This project explores the relationship between economic growth, unemployment, tourism, crime, and research & development (R&D) investment using global datasets from the United Nations. By leveraging data wrangling, cleaning, and analytics techniques, we aimed to uncover potential correlations and causations between these socioeconomic factors.
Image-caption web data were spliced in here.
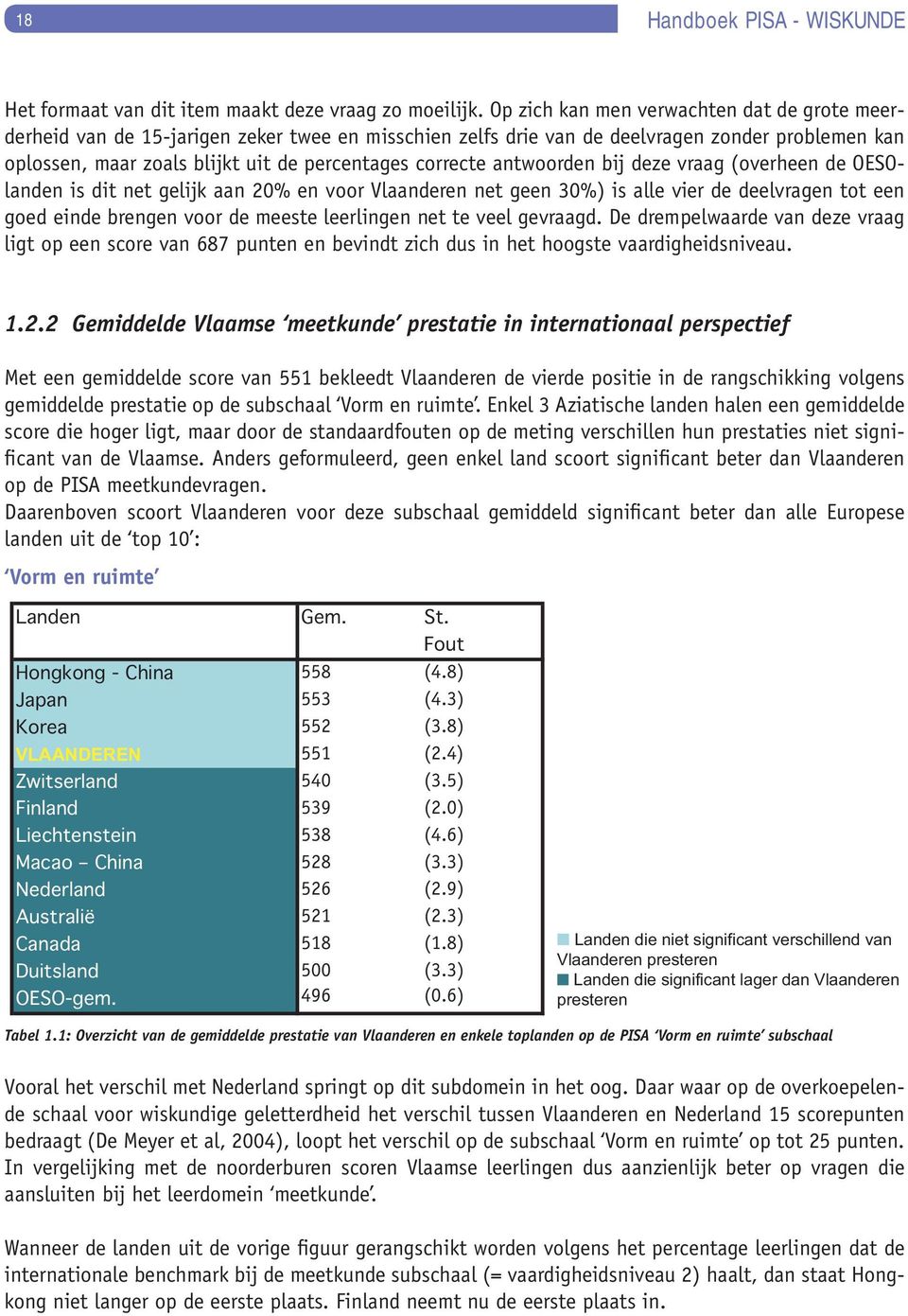 antwoorden bij deze vraag (overheen de OESOlanden is dit net gelijk aan 20% en voor Vlaanderen net geen 30%) is alle vier de deelvragen tot een goed einde brengen voor de meeste leerlingen net te
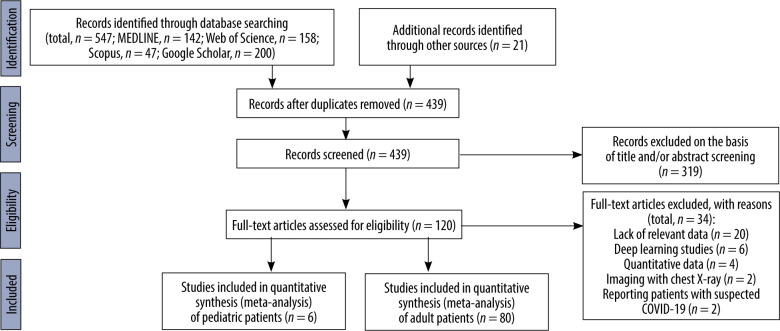 Computed tomography scan in COVID-19: a systematic review and meta-analysis.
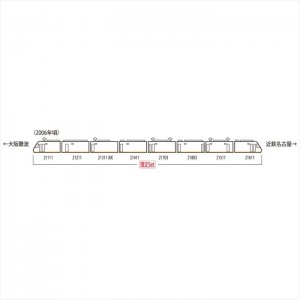 Nゲージ 限定品 近畿日本鉄道 21000系 アーバンライナーplusセット 近鉄 鉄道模型 電車 TOMIX TOMYTEC トミーテック 98988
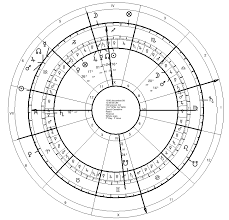 Astrological Predictive Techniques Progressions 1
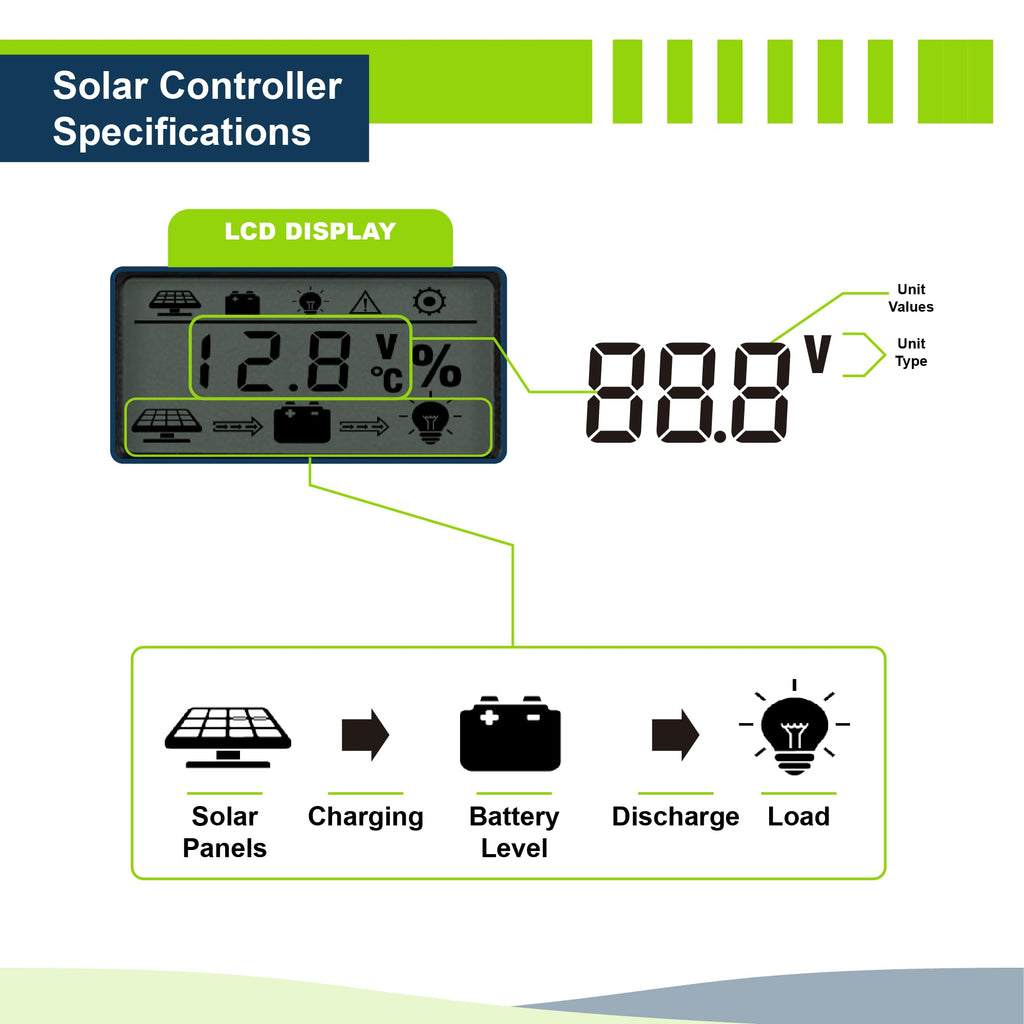 200W 12V Solar Power Kit with 200W Mono Rigid Solar Panels and 30A PWM Charge Controller X318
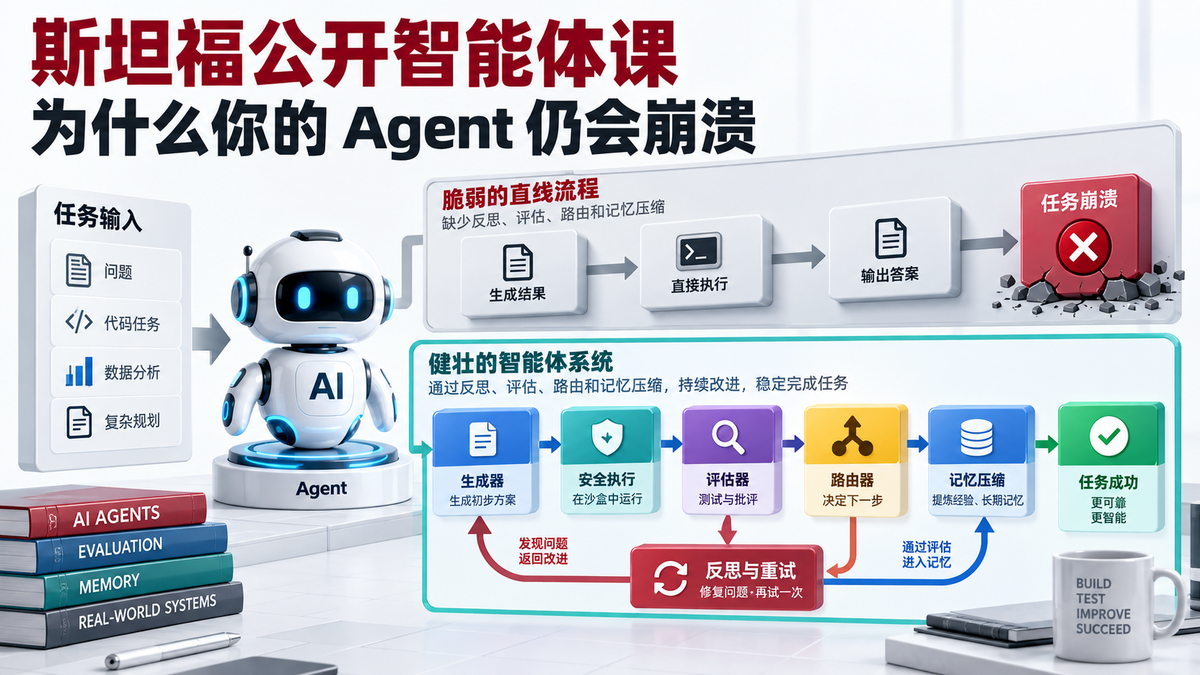斯坦福自我改进智能体课程示意图，对比脆弱直线流程与带评估、路由和记忆压缩的反思循环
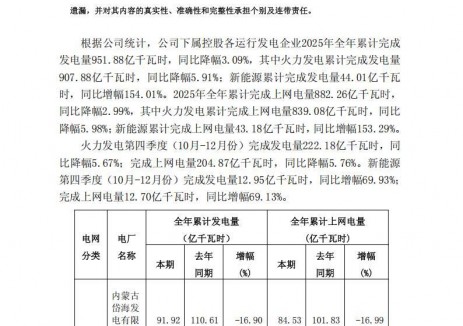 京能电力：2025年新能源累计完成发电量44.01亿千瓦时，同比增幅154.01%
The study focuses on understanding how labor market conditions, tourism activity, and R&D expenditure influence crime rates and GDP across various regions and countries.
- Clone the repository:
git clone https://github.com/YourUsername/repository_name.git- Install UV
If you're a MacOS/Linux user type:
curl -LsSf https://astral.sh/uv/install.sh | shIf you're a Windows user open an Anaconda Powershell Prompt and type :
powershell -ExecutionPolicy ByPass -c "irm https://astral.sh/uv/install.ps1 | iex"- Create an environment
uv venv - Activate the environment
If you're a MacOS/Linux user type (if you're using a bash shell):
source ./venv/bin/activateIf you're a MacOS/Linux user type (if you're using a csh/tcsh shell):
source ./venv/bin/activate.cshIf you're a Windows user type:
.\venv\Scripts\activate- Install dependencies:
uv pip install -r requirements.txtThe dataset was compiled using multiple CSV files from the United Nations data repository (UN Data):
Unemployment & Labor Force: Provides country-wise data on employment rates, labor force participation, and unemployment.
Crime Data: Covers reported crime incidents per country, categorized by type (violent, property-related, etc.).
Tourism Statistics: Includes data on international arrivals, tourism revenue, and its economic contribution.
Research & Development (R&D) Expenditure: Details investment in innovation and technological development.
- During data preprocessing, we encountered the following issues:
- Inconsistent column formats: Different naming conventions across datasets.
- Incorrect and missing values: Presence of null or improperly formatted values.
- Incorrect headers: Some datasets had misaligned column headers.
- Irrelevant columns: Some columns were unnecessary for analysis.
- Cleaned column headers by replacing the spaces for "_" and making the letters in lower case format.
- Handled missing values by filling them with "0" or "N/A" where appropriate.
- Removed rows to show the correct column headers.
- Dropped irrelevant columns to streamline analysis.
- Standardized column headers (replacing spaces with underscores and converting to lowercase).
- Corrected misaligned headers by manually adjusting column placements.
- https://docs.google.com/presentation/d/1YlZzdETY-emjRir9cUDgWQ5Juu6fl1RqSZXtkhXkVtI/edit?usp=sharing
1.The project aimed to answer the following key research questions:
2.Does higher investment in R&D and an increase in tourism contribute to economic growth, thereby reducing unemployment and crime rates?
3.Is there a direct correlation between high unemployment rates and increased crime levels?
4.How does the labor market interact with crime trends over time?
- H1.Higher R&D investment and tourism contribute to economic growth, leading to lower unemployment and crime rates.
- H2.Higher rate of unemployment lead to higher number of crimes.
Our data analysis process involved:
- Data Wrangling & Cleaning: Preprocessed datasets to ensure consistency and accuracy.
- Exploratory Data Analysis (EDA): Used statistical analysis and visualizations to explore trends.
- Correlation Analysis: Measured relationships between GDP, unemployment, crime, tourism, and R&D investment.
- Hypothesis formation: Based on the data analysis proved the hypothesis as right or wrong.
- Interpretation & Insights: Derived conclusions based on observed trends and statistical significance.
- Tourism and GDP Growth: Countries with higher tourism revenues showed stronger economic stability and lower unemployment rates.
- Unemployment and Crime: A clear correlation was observed between rising unemployment rates and increased crime incidents, particularly in economically unstable regions.
- R&D and Economic Growth: Nations with higher R&D investments exhibited better economic resilience and lower crime rates.
- Regional Differences: The relationship between these factors varied significantly across continents due to policy differences, governance quality, and social conditions.
Our analysis largely supported the initial hypotheses. While economic growth driven by tourism and R&D investment was associated with lower unemployment and crime rates, the extent of these relationships varied by country and region. The findings highlight the importance of policy interventions that promote economic stability and labor market improvements to curb crime rates globally.
- Expanding the dataset to include more years for a longitudinal analysis.
- Investigating additional socioeconomic factors such as education levels and healthcare access.